Doi v. McMurry
Before: Chipman, Burnett
Synopsis
The facts are stated in the opinion of the court.
Opinion — Chipman
CHIPMAN, P. J.
Plaintiff leased from defendant a fruit orchard of about twenty acres for the term of three years from October 16, 1916, agreeing to pay as rental
[516]
the annual sum of one thousand dollars. The lease provided that “all of the fruit produced upon the premises hereby leased must be delivered to the Auburn Fruit Exchange in the name of the party of the first part (J. B. McMurry), all transactions, accounts, statements, account sales, and checks to be issued in the name of the party of the first part.” The complaint alleged that the fruit crop of 1917 was so delivered and the defendant received therefor the sum of $4,493.36, that a portion of this was paid to plaintiff, but that the defendant withheld the sum of $639.92, which, together with an unknown amount .for rebate, is due the plaintiff.
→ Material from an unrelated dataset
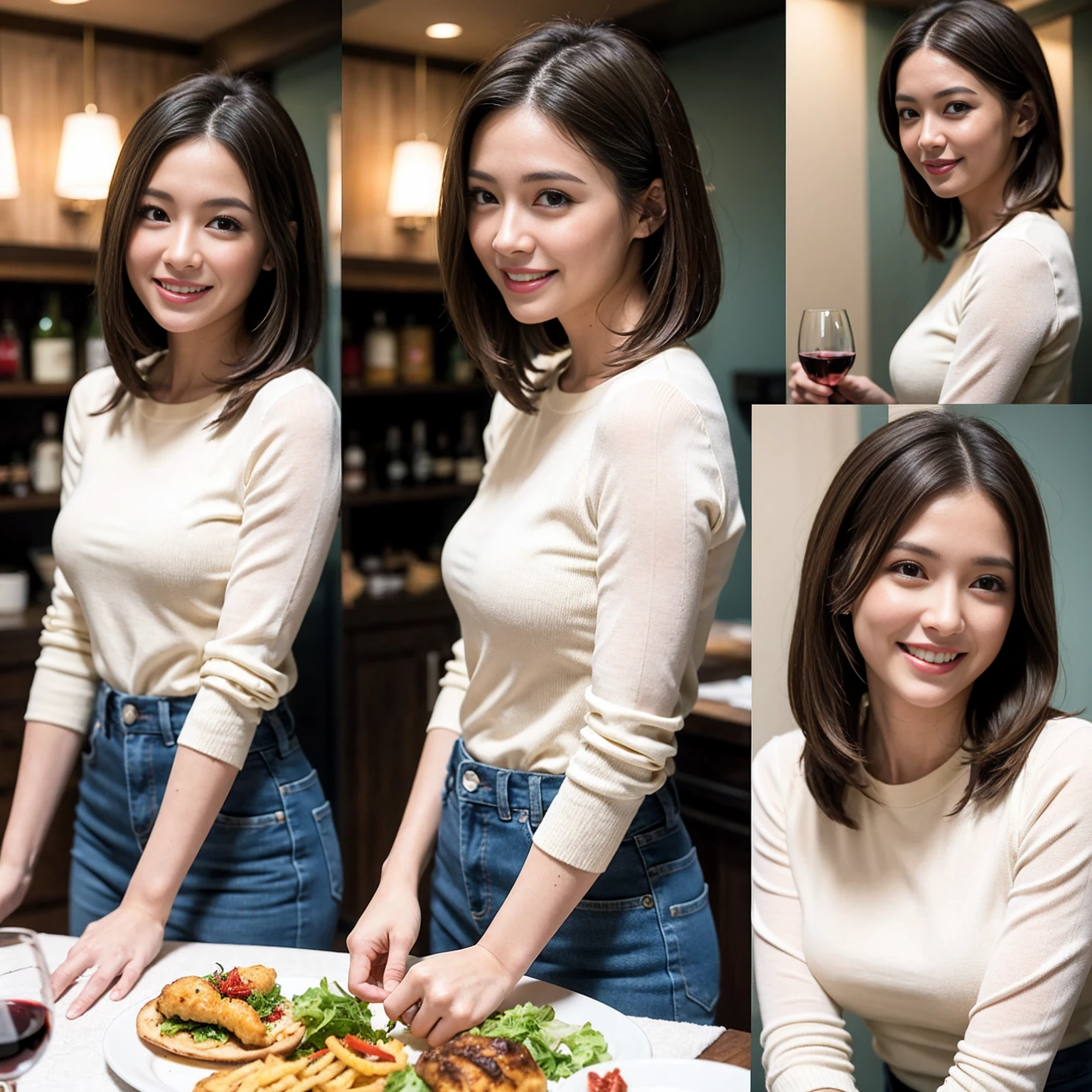 （Realistic:1.1）,(masterpiece,Highest quality)，8k,((Two Women)), (45 years old), 42 years old, slimカップル、modelカップル、actress男優、Tight waist,Upper Body,full-course dinner、wine 、Amazing view of the sunset sky and clouds、Perfect Anatomy, Brown Hair, Short Hair,Random Hairstyles,((Highly detailed face and eyes:1.2))(cute顔:1.4)，美しいactressの顔，Perfect golden ratio face，Long sleeve shirt、dress,(smile:1.2)、Shortcuts、cute、(Realistic, Intricate details:1.2), A bright smile、short hair,Bright Face、赤wine 、Appetizers、Italian food、wine bottle、Champagne、スパークリングwine、Brown Hair、Shortcuts、(slimな顔), (The body is slim), (Brown Hair), (Shortcuts), cheeks turn a little red,restaurant, In a prominent place (From the waist up) Nova Frog Style, actress, model, Upper Body, 白wine, slim, wineグラス,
The prayer was for an accounting and a judgment for whatever amount was found due. The answer claimed that no amount was due plaintiff in consequence of certain services performed for him by ¡ defendant and his wife and by reason of damage done to the orchard through the want of proper care and attention on the part of plaintiff. Affirmative relief was, indeed, therein demanded and the same matters were set up by way of cross-complaint, and therein it was sought to have the lease rescinded and defendant restored to the possession of the land, together with damages for said injury. However, it appeared at the trial that an agreement had been reached by the parties for the restoration of the premises, and that feature was consequently eliminated from the case. The court found that the value of the services performed for plaintiff as aforesaid and the amount of the damages suffered by defendant equaled the amount .due plaintiff under said' lease, and rendered judgment for defendant for costs. After an examination of the record, we may say that there is substantial support for the finding that said services were rendered as claimed and were of the value charged against the plaintiff. The doubtful proposition relates to the sum of $481.59, which was allowed-as an offset for injuries done to the premises. While the answer refers to several particulars in which plaintiff failed to comply with his agreement as to the care. of the place, it is quite apparent that said award was made principally for his failure to thin the growing fruit and thereby allowing many limbs to be broken and the trees greatly injured.